Liberty Saints is a rugby club unlike any other, and not just because it doesn’t have a pitch.
Based in the heart of the Liberties in Dublin 8, it provides rugby and a sense of belonging to potentially vulnerable youths in an area with a population of 55,000, 10 primary schools and no playing fields.
The club, which began life as an after-school project in 2008, is a hugely positive intervention in the lives of boys in their early to mid-teens.
The club’s coaches act as role models and help their players to steer a path through the difficult terrain of their youth.
In 2014, the club received €8,000 for essential training gear and, critically, somewhere to store it.
“We bought a 20-foot container,” Liberty Saints president Tom Magee said.
“As we don’t have a training ground, whatever we got we had to secure.”
The container is stored where the players train – on a patch of land about the size of a couple of tennis courts at St James’s Primary School in Dublin 8.
Magee did not follow an orthodox path into rugby. He took the game up at the age of 26 and ended up on the Leinster squad at 29.
Some Saints players now have equally impressive stories to tell.

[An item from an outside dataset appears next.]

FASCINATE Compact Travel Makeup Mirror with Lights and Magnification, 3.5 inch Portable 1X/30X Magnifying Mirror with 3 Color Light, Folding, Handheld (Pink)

“Blackrock College have taken two on scholarships and Terenure have taken four,” Magee revealed.
The club, according to Magee, has ambitions that go far beyond the field of play.
“The aim is to rejuvenate the community of Dublin 8 through rugby.”
And, bit by bit, that inspiring ambition appears to be working.
“We put rugby in front of these guys who had no outlets.
“They were like coiled springs all day long. Parents, teachers even the guards got in touch commenting on how much these guys had come on,” he said.
Dermot Griffin, CEO of the National Lottery, said Ireland is a great sporting nation.
“And the National Lottery is proud that its Good Causes fund is helping the development of all sport disciplines, including rugby and soccer.
“We hope that the investment in these sports will help create the next generation of Ireland’s soccer and rugby heroes.
As well as contributing to the development of the sports, funding is also helping improve the lifestyles of our young people, making us a healthier and happier nation.”
Approximately 30 cent in every €1 spent on National Lottery games go back to Good Causes in the areas of sport, youth, health, welfare, education, arts and heritage.
In 2016 alone, the National Lottery raised €213 million for such Good Causes.
In total, more than €5 billion has been raised for Good Causes since the National Lottery was established 30 years ago.